Problem to work on. Every entry below must be retyped exactly, and the pictures must be left out.

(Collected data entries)
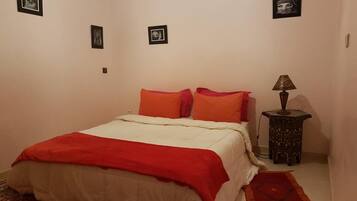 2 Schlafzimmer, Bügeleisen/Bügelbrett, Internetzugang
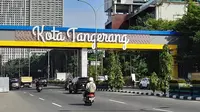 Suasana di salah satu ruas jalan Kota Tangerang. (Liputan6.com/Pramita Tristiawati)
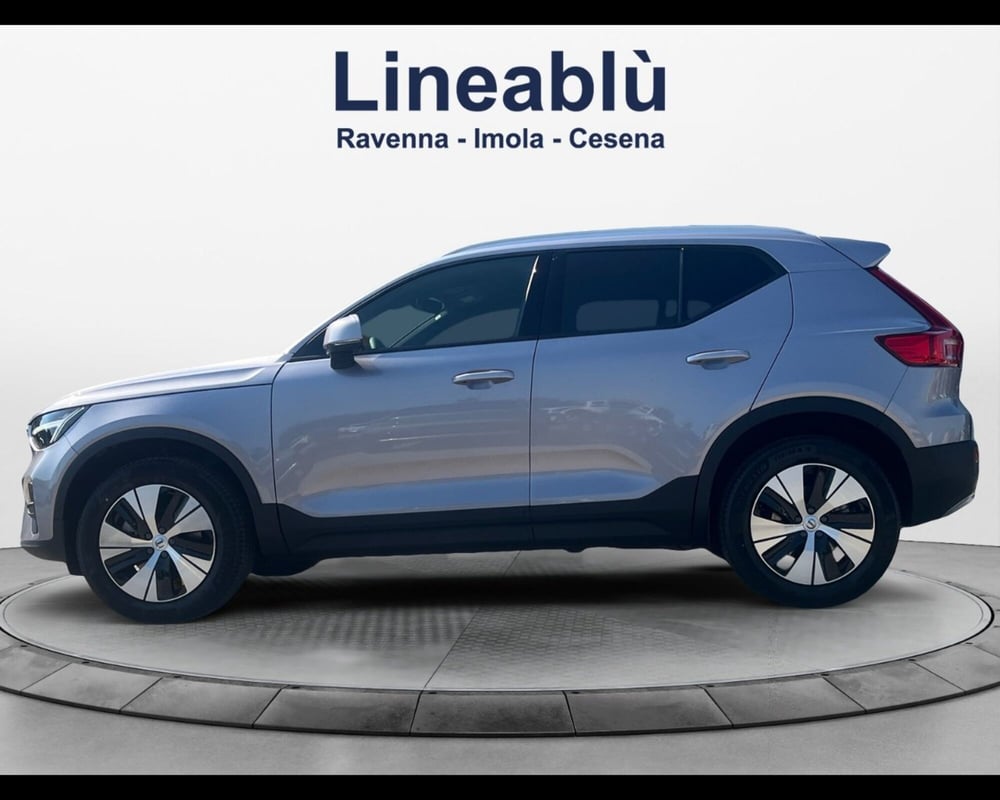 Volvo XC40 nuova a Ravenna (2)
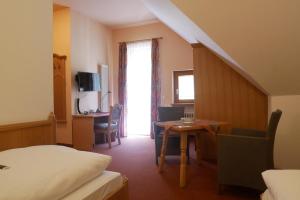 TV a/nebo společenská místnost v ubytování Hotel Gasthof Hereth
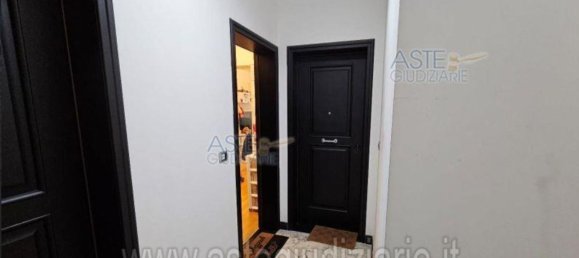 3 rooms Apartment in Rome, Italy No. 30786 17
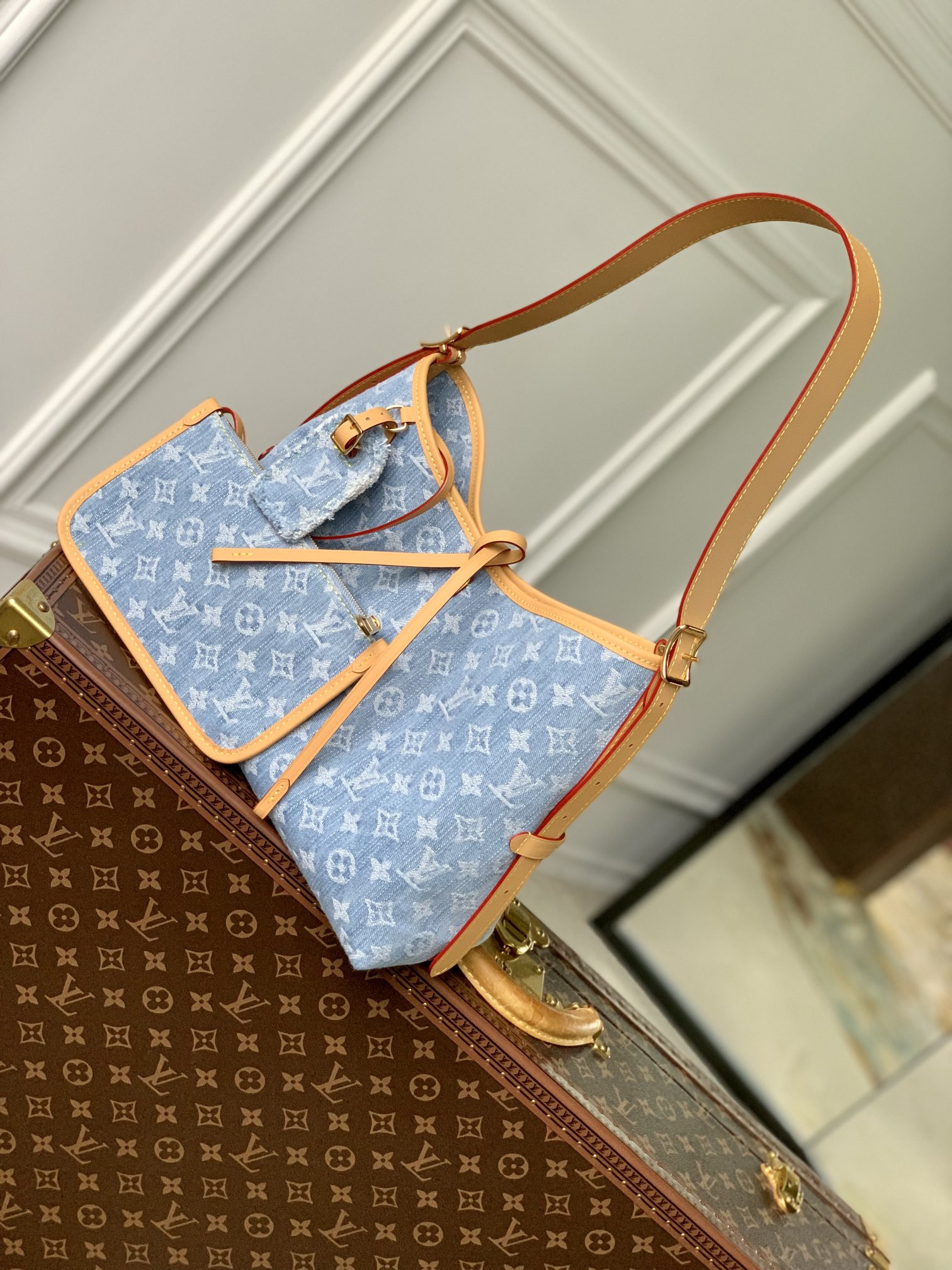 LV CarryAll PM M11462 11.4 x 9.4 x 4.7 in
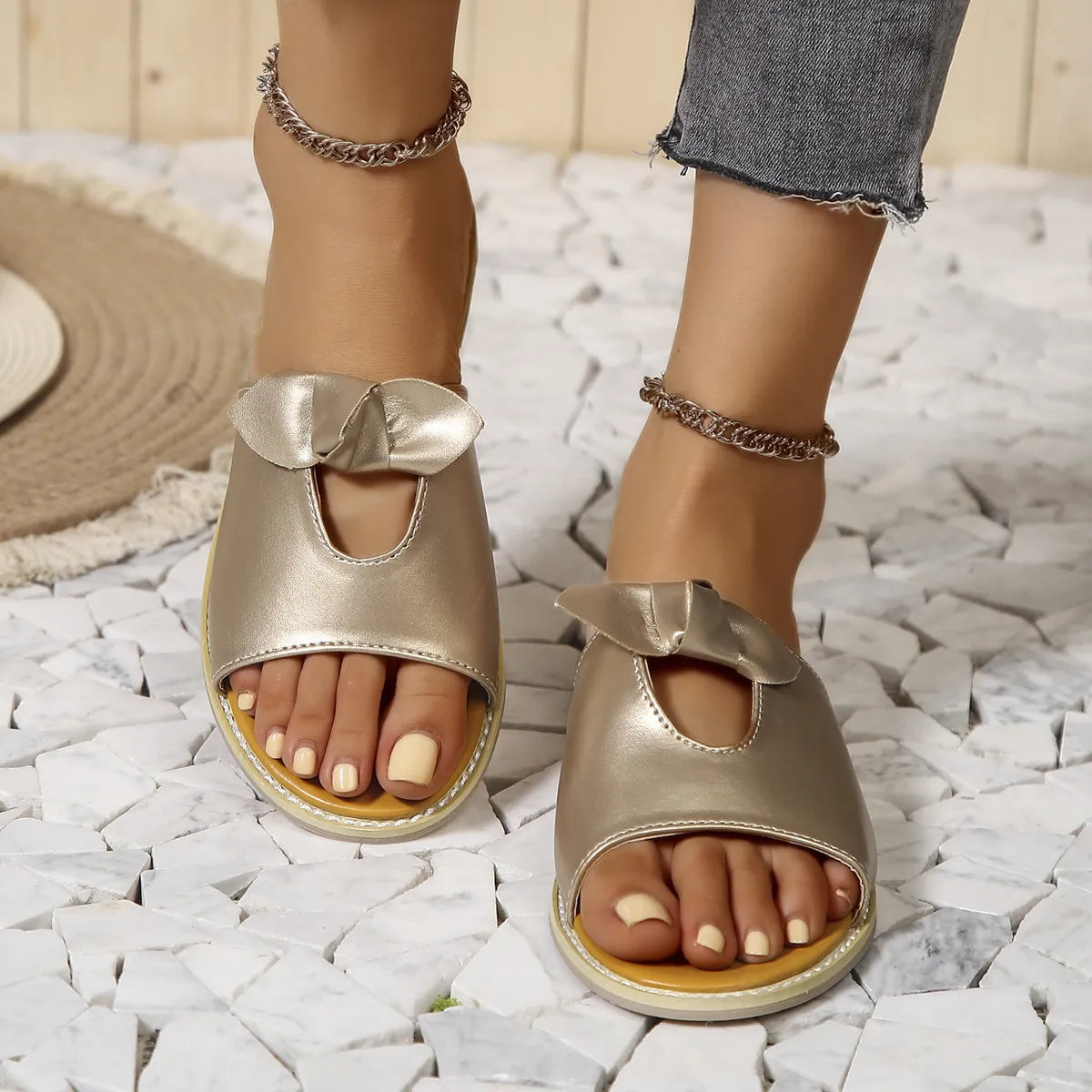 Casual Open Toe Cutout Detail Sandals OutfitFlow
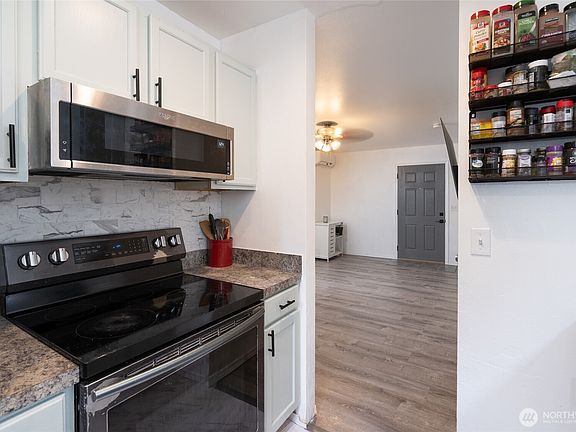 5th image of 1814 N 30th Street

Completed exercise.
 2 Schlafzimmer, Bügeleisen/Bügelbrett, Internetzugang
 Suasana di salah satu ruas jalan Kota Tangerang. (Liputan6.com/Pramita Tristiawati)
 Volvo XC40 nuova a Ravenna (2)
 TV a/nebo společenská místnost v ubytování Hotel Gasthof Hereth
 3 rooms Apartment in Rome, Italy No. 30786 17
 LV CarryAll PM M11462 11.4 x 9.4 x 4.7 in
 Casual Open Toe Cutout Detail Sandals OutfitFlow
 5th image of 1814 N 30th Street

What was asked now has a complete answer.